Step #2) In order to scale into its opportunity, our plucky company must offer a sustainably competitively-advantaged product that customers love—or, at least, a product that customers feel economically compelled to pay for because of a characteristic like limited alternatives (e.g., Comcast) or high switching costs (e.g., Oracle…or also Comcast).

  • LGF defines a competitively-advantaged product as one that offers customers value that is either:

    • Sustainably greater than the value offered by competitive products (e.g., Google search), or…

    • Similar to the value offered by competitive products but at a sustainably lower cost (e.g., Walmart)


Step #3) In addition to a large sales opportunity and competitive advantages, our company’s process of scaling into its opportunity must be economical. That is, in financial terms its process of fulfilling its potential must occur at an attractive return on incremental invested capital.

  • “Attractive return on incremental invested capital” sounds complicated—but all it refers to is incremental earnings per incremental dollar of investment.

    • If a company can sustainably increase what it earns on its incremental investments, it can sustainably grow its earnings at a higher rate.
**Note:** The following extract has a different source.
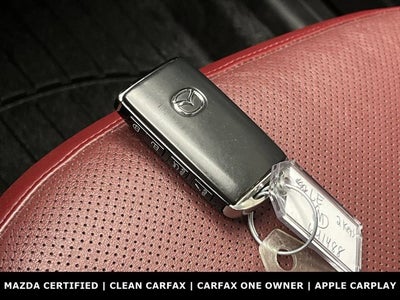 2023 Mazda Mazda CX-9 Carbon Edition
    • The most valuable companies are those than can grow earnings swiftly while also generating more cash flow than they can profitably reinvest. As such companies grow, their excess cash flow can be put to other potentially value-enhancing uses like acquisitions, share repurchases, debt reduction, and dividends.

    • Lofty returns do not mean infinitely fast growth. The earnings growth of companies with superior returns on incremental invested capital (e.g., VISA), if not limited by investment dollars, will be limited by some other factor, such as customer adoption or market size.


Step #4) Last, once our company in question reaches its maximum potential, we would prefer for its sales and profits to then be sustainable into the foreseeable future--rather than see it all retreat back to the primordial goo from whence it came.

  • In other words, we want investments that lead to significant capital gains over time and then we want to keep those capital gains.

  • For this reason we prefer companies with sustainable competitive positions in sustainable industries (e.g., Boeing) to companies whose competitive positions or markets have the potential to shrink due to forces like technological innovation (e.g., Exxon Mobil) or a change in consumer preferences (e.g., Coca Cola).